In case-based planning (CBP), previously generated plans are stored as cases in memory and can be reused to solve similar planning problems in the future. CBP can save considerable time over planning from scratch (generative planning), thus offering a potential (heuristic) mechanism for handling intractable problems. With our system, CaPER, we are currently developing new approaches to CBP. In particular, one drawback of CBP systems has been the need for a highly structured memory that requires significant domain engineering and complex memory preindexing schemes to enable efficient case retrieval.

In contrast, the CaPER CBP system uses high performance computing mechanisms to retrieve plans quickly from a large memory that is not preindexed. Thus it is relatively inexpensive to access memory frequently, and memory can be probed flexibly at case retrieval time. CaPER can issue a variety of queries that result in the retrieval of one or more plans (or parts of plans) that can be combined to solved the target planning problem. These plans can be merged and harmful interactions among them resolved using annotations on a plan that capture interdependencies among its actions [8,7,5,9].

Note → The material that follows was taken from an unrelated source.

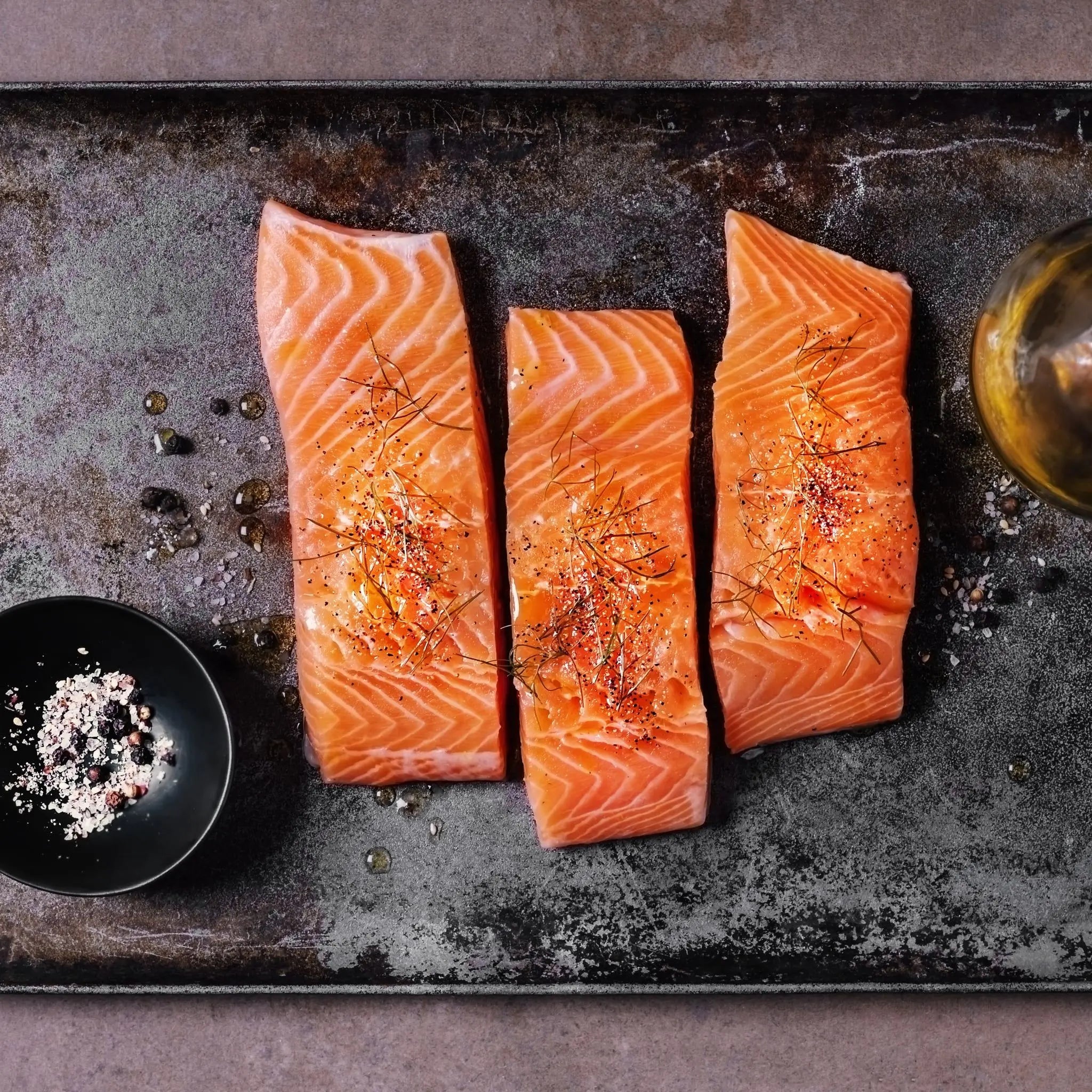 Salmon 1lb / 16oz / 4 servings Meal Prep Ottawa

Transportation Logistics Planning

The United States Transportation Command (USTRANSCOM) is responsible for generating and maintaining the plans by which United States military forces are deployed. This responsibility includes determining the transportation needs for missions short and long, small and very large. For large missions, the process by which these transportation plans are constructed can be very complex and time consuming. Representatives from the various services and commands involved in a plan must collectively decide how best to allocate the limited transportation resources (aircraft, ships, trucks and trains) to achieve the many military goals of the mission. The end result of this process is an Operational Plan (OPLAN) which specifies where and when the forces involved in a mission are to be moved. Associated with a OPLAN are one or more Time Phased Force Deployment Data (TPFDD) which describe what, when, and how the forces for a mission will be deployed. The OPLAN and TPFDDs are stored and maintained until their execution is called for. At this time the plan will generally have to be modified to fit the particular details of the current situation.

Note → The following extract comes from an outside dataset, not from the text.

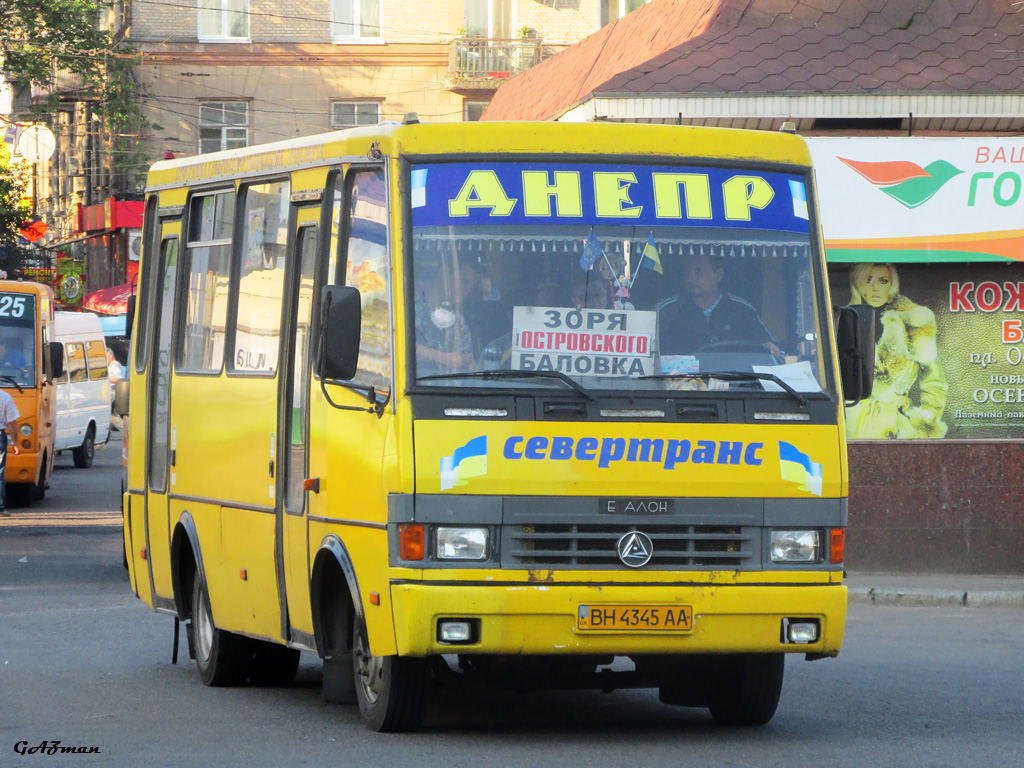 Днепропетровская область, БАЗ-А079.14 "Подснежник" № 4336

ForMAT (Force Management and Analysis Tool) provides an environment in which a force development and planning specialist can view, modify, and create the basic structures of TPFDDs (called force modules, or FMs). An FM prescribes a force or set of forces that can be used to satisfy some planning requirement. The FM is typically a grouping of combat, combat support, and combat service support forces, and ranges in size from the smallest combat element to the largest combat element. It may specify accompanying supplies and the required movements, resupply, and personnel necessary to sustain forces for a minimum of 30 days. The elements of a FM are linked together so that they may be extracted from or adjusted as an entity to enhance the flexibility and usefulness of a plan. One or more FMs for use in a given plan are stored in a TPFDD. In theory, FMs form a library which can be drawn upon to quickly build a new plan. In a crisis, new TPFDDs will be built, at least in part, from FMs within one or more existing TPFDDs.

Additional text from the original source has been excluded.